"Shoo Shoo Baby" is a popular song written by Phil Moore.  The song was made famous by The Andrews Sisters, as they sang it in the 1943 film Three Cheers for the Boys. "Shoo, Shoo Baby" was a big hit for the trio in 1944, reaching No. 6 in the chart. Their version features a jazzy vocal pop arrangement typical of the time, with a key hook provided by the horns. It was and has appeared on many albums of 1940s music.

Other versions
Ella Mae Morse also recorded this song in 1943, with Dick Walters and His Orchestra. Released on Capitol Records, the single went to number four on the pop chart and number one on the R&B charts for 2 weeks in December 1943.
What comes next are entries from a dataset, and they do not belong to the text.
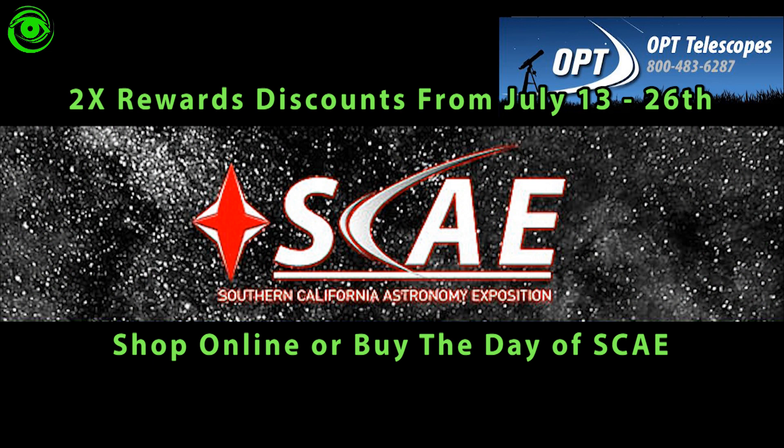If you want to buy some nice astronomy gear, now would be the time to do it. You can call them to check if your item is on sale. Anytime you can get a few bucks off your gear it always helps.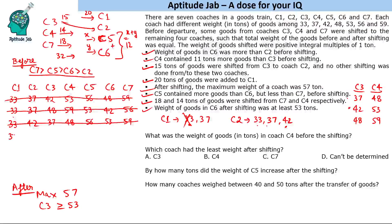Therefore C1 must be 37. Since C1 is getting 20 tons, C1 after shifting will be 57 — and that should indeed be the maximum, consistent with the given constraint.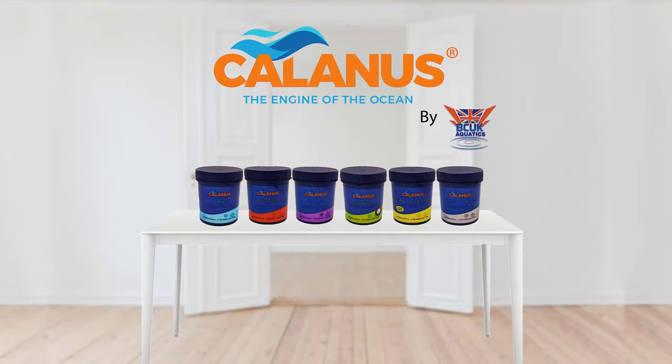Calanus is available now from all good retailers. Pop into your local store today and ask for Calanus by BCUK. For more information, visit our website.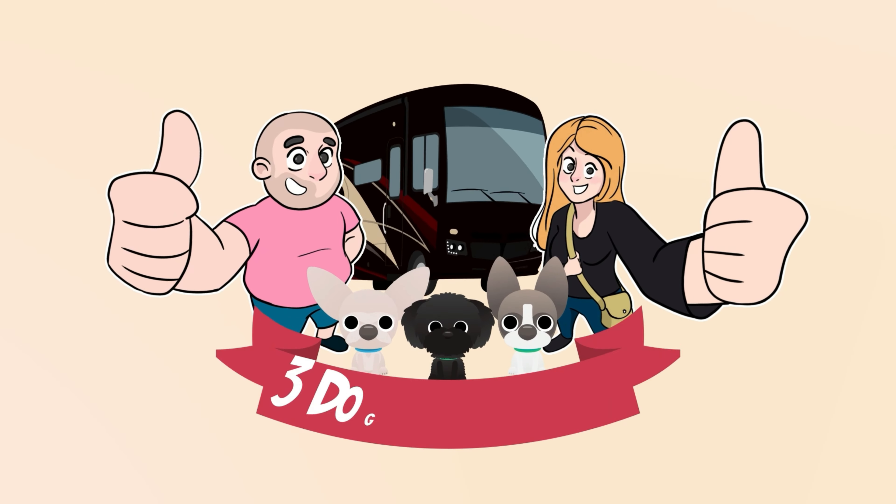Hey everyone, this is Stuart with Three Dogs in an RV, and we're back with another RV Internet video — the ongoing saga that's called RV Internet.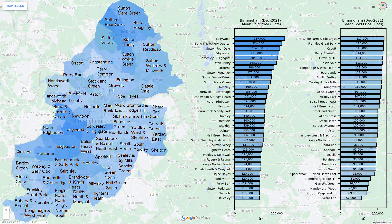For flats, there is a north-south divide in the city centre, with the southern wards in the city centre being expensive and the northern wards in the city centre being comparatively cheap.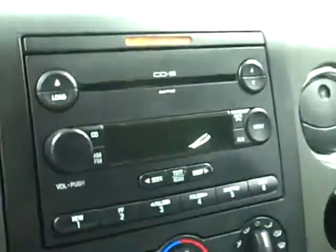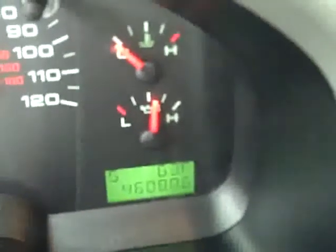There's a six-disc CD changer and radio. Fires right up. Headliner is in very good shape and everything inside looks good. You can see here that there are 46,000 miles, and there's a compass and temperature gauge in the dash. Interior looks good — let's look under the hood.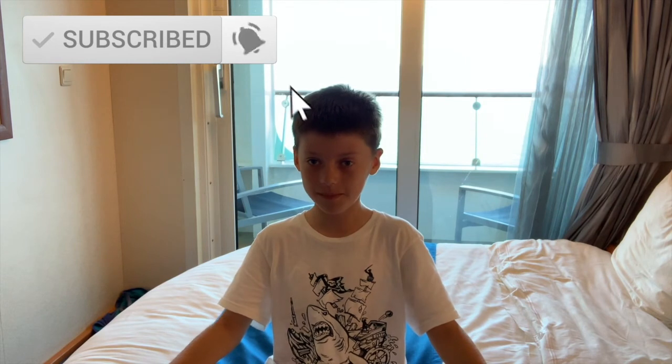Hey guys, this is the end of the video. Make sure you like and subscribe for more great content that's coming. Peace out.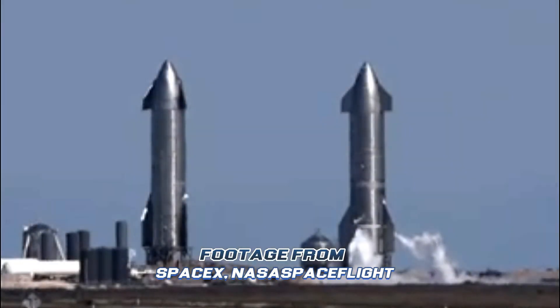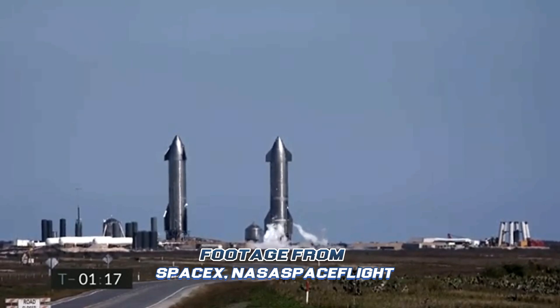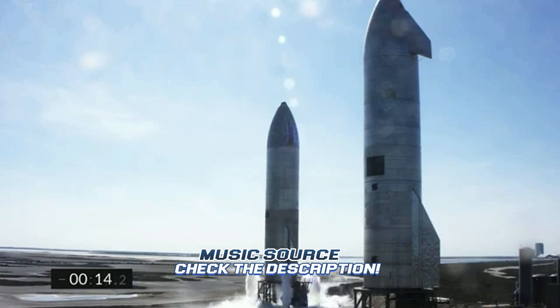T-minus 2 minutes, continuing to count down on the flight of Starship Serial Number 9. It's the vehicle on the right of your screen, currently venting. On the left is Starship Serial Number 10, which is also being checked out for a similar flight later this morning.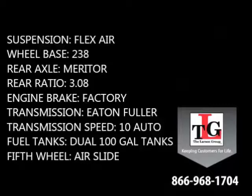Other features include Flexair suspension, a 238-inch wheelbase, Meritor rear axles in a 3.08 ratio, factory engine brake, Eaton Fuller 10-speed automatic transmission, dual 100-gallon fuel tanks, as well as an air slide fifth wheel.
It was also recorded by Glenn Miller with vocals performed by the Crew Chiefs.

Frank Sinatra recorded the song in the 1940s.

In 1984, the Norwegian swing/pop duo Bobbysocks! covered the song on their self-titled debut LP.

The R&B girl group Mis-Teeq covered the song for the soundtrack to the Vanguard Animation film Valiant in 2005. It was the last track Mis-Teeq recorded before they split to pursue solo careers.

In popular culture
A version of the song by an uncredited male singer is played over a radio at the Heavenly trial of the airman in the 1946 film A Matter of Life and Death as a symbol of modern America.

This song was also the inspiration for the naming of the Shoo Shoo Baby, a B-17 Flying Fortress which served during World War II.